From A 6th Bowl of Chicken Soup for the Soul

A Simple Act

When our family—my wife Maggie, our four-year-old Eleanor, and I—drove through Messina, Sicily, to our hotel in the early hours of the morning one day last September, I felt I had never been in a bleaker place. We didn’t know a soul, the streets were deserted, and we were leaving the hospital where our seven-year-old son lay in a deep and dreadful coma.

We wanted only to go home, to take Nicholas with us, however badly injured, to help nurse him through whatever he faced, to hold his hand again, to put our arms around him.

It had been the worst night of our lives.

The next morning we took a bus back to the hospital.

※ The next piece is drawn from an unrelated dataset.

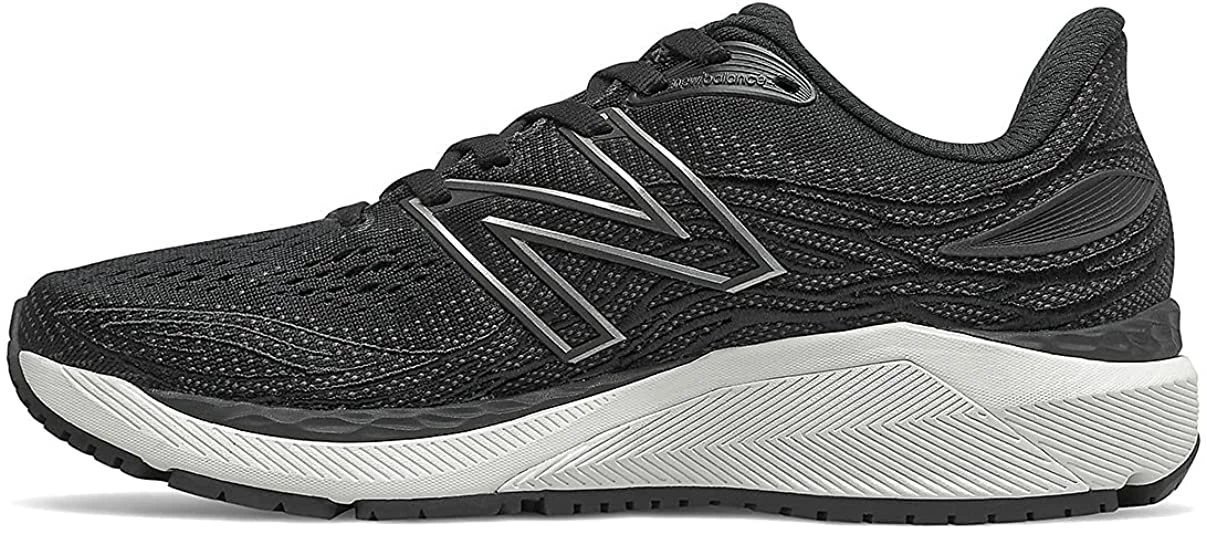 New Balance Women's Fresh Foam X 860 V12 5 New Balance Women's Fresh Foam X 860 V12 - Image 3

There had been no deterioration but no improvement either. “You know, there are miracles,” said the man who had been appointed to act as our interpreter, but the doctors looked grave. In lives that only a few hours before had been full of warmth and laughter, there was now a gnawing emptiness.

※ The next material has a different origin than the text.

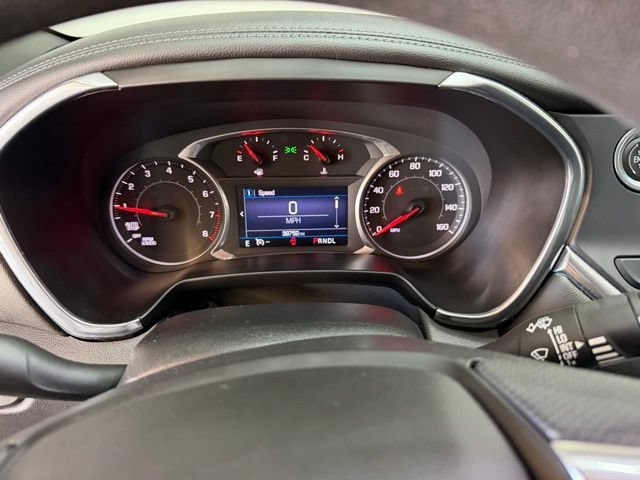 Used 2021 Chevrolet Blazer LT FWD image 23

Within days our intensely personal experience erupted into a worldwide story. Newspapers and television told of the shooting attack by car bandits, Nicholas’s death and our decision to donate his organs. Since then streets, schools, scholarships and hospitals all over Italy have been named for him. We have received honors previously reserved largely for kings and presidents, prizes that go mainly to Nobelists and awards usually given to spiritual leaders of the stature of Mother Teresa. Maria Shriver, who all her life has been told by people where they were when President Kennedy was shot, told us where she was when she heard about Nicholas. Strangers come up to us on the street still, tears in their eyes.

We have received letters from about a thousand people around the world, written with a simple eloquence possible only when it comes straight from the heart. A forty-year-old American, who recently became blind, said our story had given him the strength to resist despair. One man who was close to death now has a new lung because someone was moved by what happened to Nicholas. A woman who lost her four-year-old daughter imagines the two children playing happily together in a place where there is no violence.

All this for a decision that seemed so obvious we’ve forgotten which of us suggested it.

I remember the hushed room and the physicians standing in a small group, hesitant to ask crass questions about organ donation. As it happens, we were able to relieve them of the thankless task. We looked at each other. “Now that he’s gone, shouldn’t we give the organs?” one of us asked. “Yes,” the other replied. And that was all there was to it.

Our decision was not clouded by any doubts about the medical staff. We were convinced they had done everything in their power to save Nicholas. To be sure, we asked how they knew his brain was truly dead, and they described their high-tech methods in clear, simple language. It helped. But more than that, it was the bond of trust that had been established from the beginning that left no doubt they would not have given up until all hope was gone.

Yet we’ve been asked a hundred times: How could you have done it? And a hundred times we’ve searched for words to convey the sense of how clear and how right the choice seemed. Nicholas was dead. He no longer looked like a sleeping child. By giving his organs we weren’t hurting him but we were helping others.

For us, Nicholas will always live, in our hearts and our memories. But he wasn’t in that body anymore.

His toys are still here, including the flag on his log fort, which I put at half-staff when we returned home and which has stayed that way ever since. We have assembled all his photographs, starting with the blur I snapped a few moments after he was born. Nicholas now lies in a peaceful country churchyard in California, dressed for eternity in the kind of blue blazer and neat slacks he liked and a tie with Goofy on it.

Donating his organs, then, wasn’t a particularly magnanimous act. But not to have given them would have seemed to us such an act of miserliness that we don’t believe we could have thought about it later without shame. The future of a radiant little creature had been taken away. It was important to us that someone else should have that future.

It turned out to be seven people’s future, most of them young, most very sick. One nineteen-year-old within forty-eight hours of death (“We’d given up on her,” her physician told me later) is now a vivacious beauty who turns heads as she walks down the street. The sixty-pound fifteen-year-old who got Nicholas’s heart had spent half his life in hospitals; now he’s a relentless bundle of energy. One of the recipients, when told by his doctors to think of something nice as he was taken to the operating theater, said, “I am thinking of something nice. I’m thinking of Nicholas.” I recently visited him at school; he’s a wonderful little fellow any father would be proud of and, I admit, I did feel pride. The man who received one of Nicholas’s corneas told us that at one time he was unable to see his children. Now, after two operations, he happily watches his daughter fencing and his son play rugby.

We are pleased the publicity this incident has caused has led to such a dramatic arousal of interest in organ donation. It seems unfair, however, to the thousands of parents and children, who, in lonely hospital waiting rooms around the world, have made exactly the same decision. Their loss is indistinguishable from ours, but their willingness to share rather than to hoard life has remained largely unrecognized.

I imagine that for them, like us, the emptiness is always close by. I don’t believe Maggie and I will ever be really happy again; even our best moments are tinged with sadness. But our joy in seeing so much eager life that would otherwise have been lost, and the relief on the families’ faces, is so uplifting that it has given us some recompense for what otherwise would have been just a sordid act of violence.